** Data below follows **

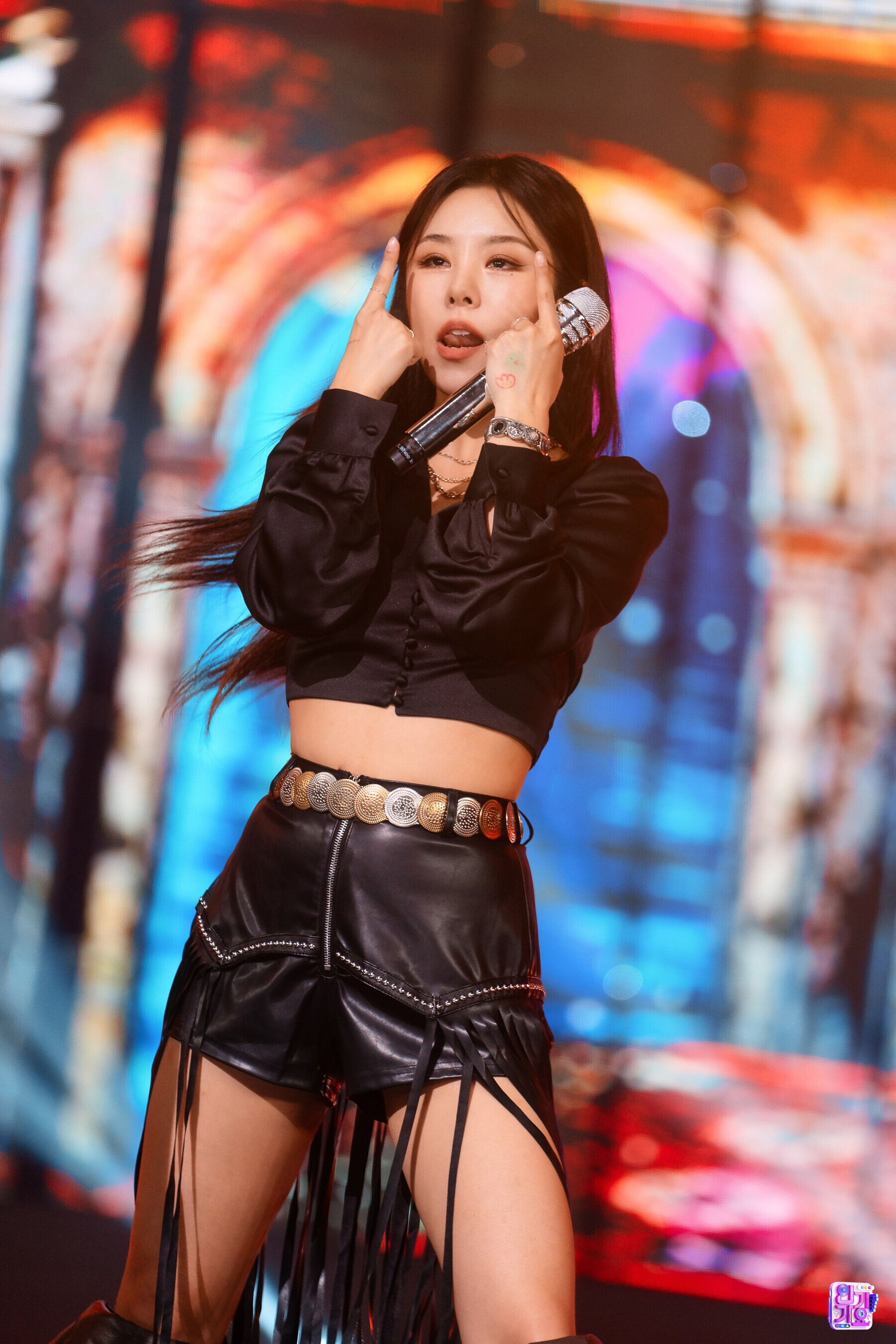 221023 MAMAMOO Wheein - 'ILLELLA' at Inkigayo | kpopping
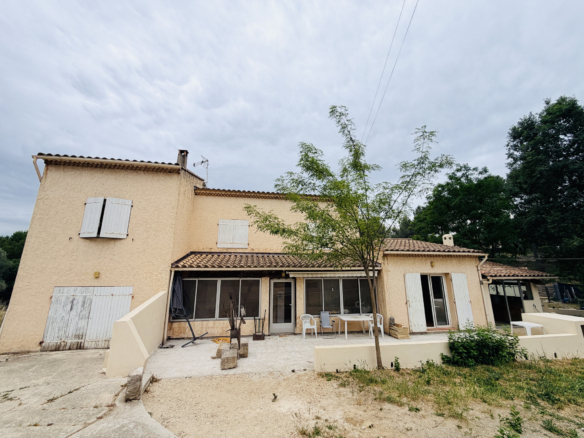 Gréasque – Maison familiale avec piscine
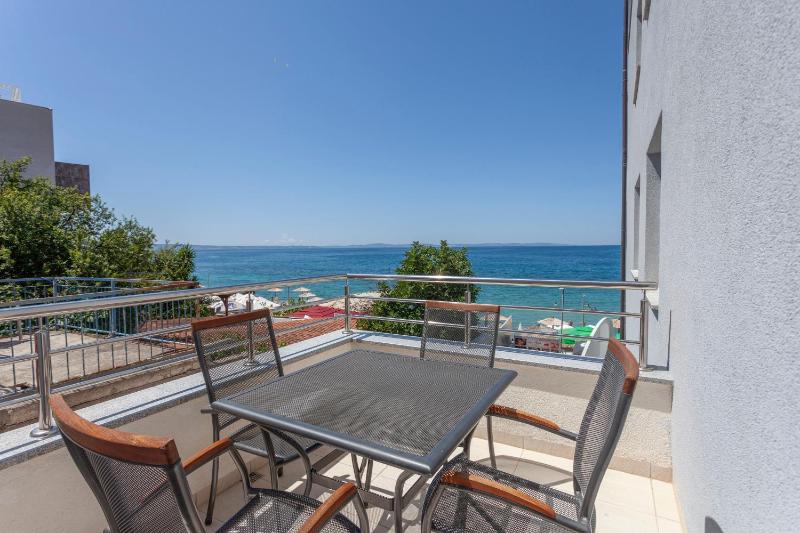 Quadruple Room with Sea View image 3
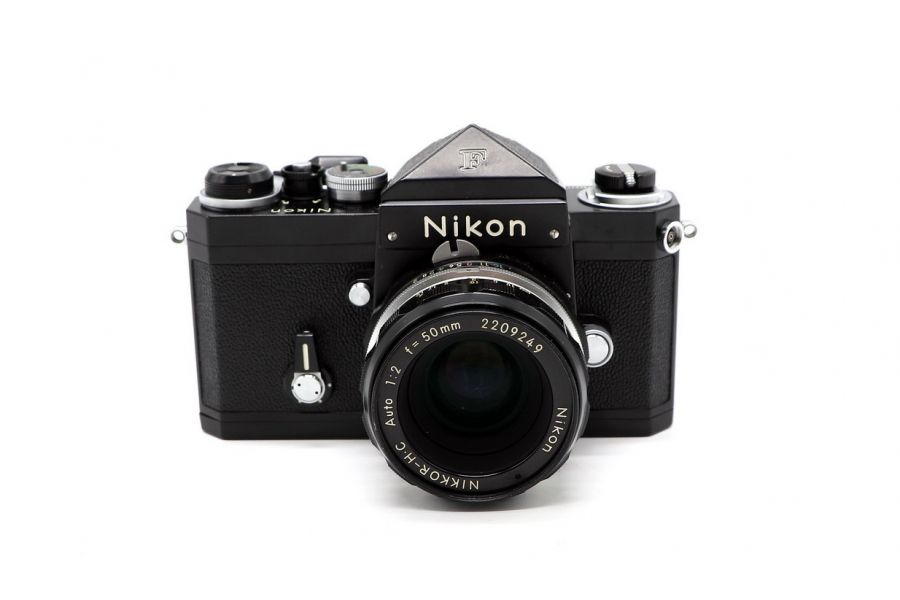 Nikon F kit (Japan, 1973)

** End of Data below **

> What is required
Retype the data exactly; images stay out.

> Answer to this task
 221023 MAMAMOO Wheein - 'ILLELLA' at Inkigayo | kpopping
 Gréasque – Maison familiale avec piscine
 Quadruple Room with Sea View image 3
 Nikon F kit (Japan, 1973)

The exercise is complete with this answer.